Trowbridge Harris Ford, professor and writer on British constitutional history as well as gadfly independent investigator, died peacefully at his home in New Haven, Connecticut on July 26, 2021. Trow was born in El Paso, TX, on November 9, 1929 to the late Brig. Gen. William Wallace Ford and Alice Trowbridge Harris Ford.
After a childhood of moving from one Army base to the next, Trow attended the Phillips Exeter Academy in Exeter, New Hampshire. Upon graduating from Exeter in 1949, Trow entered Columbia College, where he earned his BA in 1952. Soon drafted into the Army, he served in the Counter Intelligence Corps in Paris, France where he witnessed the early Cold War US-USSR intelligence rivalry. Discharged in 1955, Trow worked briefly as a reporter and sports editor of the Raleigh, NC Times before returning to Columbia to pursue a PhD.

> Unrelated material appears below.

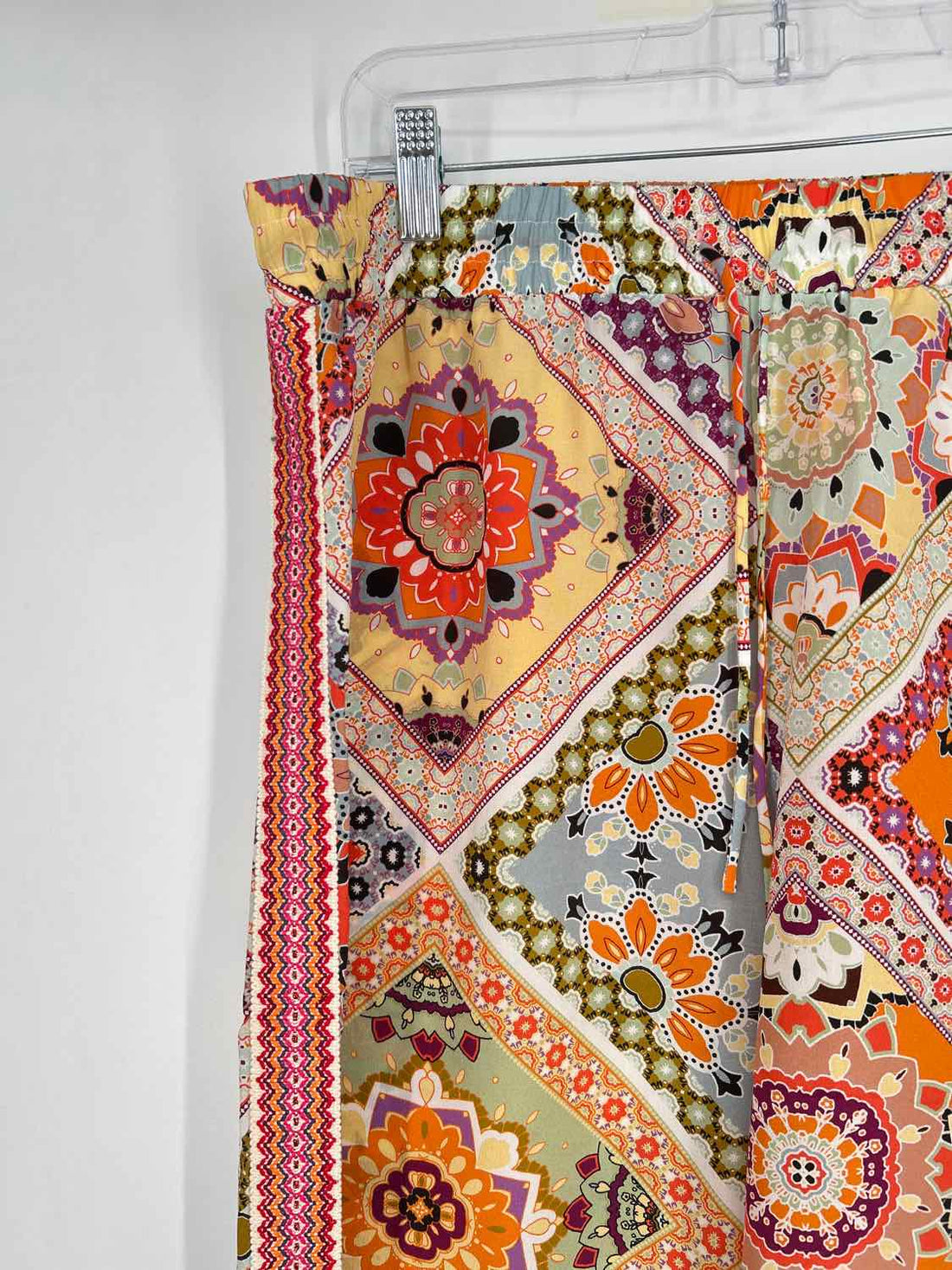 Jade by Johnny Was Size L Orange Print Silk Pants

Trow looked back on his Army years with mixed feelings:
“Service life is the closest America ever has come to the welfare state with one's material and physical needs basically satisfied, though at terrible mental, cultural and psychological costs. I shall never forget how my childhood chums were always wondering why my family had some bookcases containing some of the world's classics. They were a local wonder, like collections of space rocks, or clerical relics. It was to compensate for this deprivation that I was sent off from the boondocks to a New England prep school at the end of WWII, and then on to college as the Cold War was heating up.”

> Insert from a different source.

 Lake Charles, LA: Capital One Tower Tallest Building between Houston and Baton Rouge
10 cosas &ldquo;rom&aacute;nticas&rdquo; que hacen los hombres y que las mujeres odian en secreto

On October 15, 1960, Trow married Isabel Clahr of New York City. They were later divorced and she predeceased him.
Trow won his doctorate in Public Law and Government from Columbia in 1967, with a dissertation on the pivotal 19th-century British reformer, Lord High Chancellor Henry Brougham. After teaching as an adjunct at Columbia, Trow taught political science at the University of Maine and Heidelberg University (OH). From 1967 to 1986, Trow was a professor of political science at the College of the Holy Cross in Worcester, MA, where he taught courses on U.K. and Irish politics and Soviet foreign policy. During his teaching years, and prompted by the many doubts surrounding the Warren Report on the Kennedy assassination, Trow became an outspoken debunker of almost every official account of assassinations, wars and foreign affairs.
On his retirement from teaching, Trow spent a year as the sports editor of the Ridgefield, CT Press before moving to Portugal and then Sweden. He continued to write energetically as an editor of Eye Spy magazine and was a frequent contributor to the Veterans Today website. At the same time he published numerous academic articles as well as biographies of Lord Brougham (2 vols.) and Albert Venn Dicey.
Trow returned to the US in 2012, living in New Haven with his beloved dog Domino and still writing with enthusiasm. He was a generous supporter of charities, especially those benefiting wildlife and Native Americans. He is survived, and missed, by his brother Dr. John P. Ford of Unadilla, NY; ten nieces and nephews; and their many descendants. Donations in Trow’s name can be made to Oxfam America, Inc., at 226 Causeway Street, 5th Floor, Boston, MA 02114. Arrangements were handled by the Hawley Lincoln Memorial, 424 Elm Street New Haven.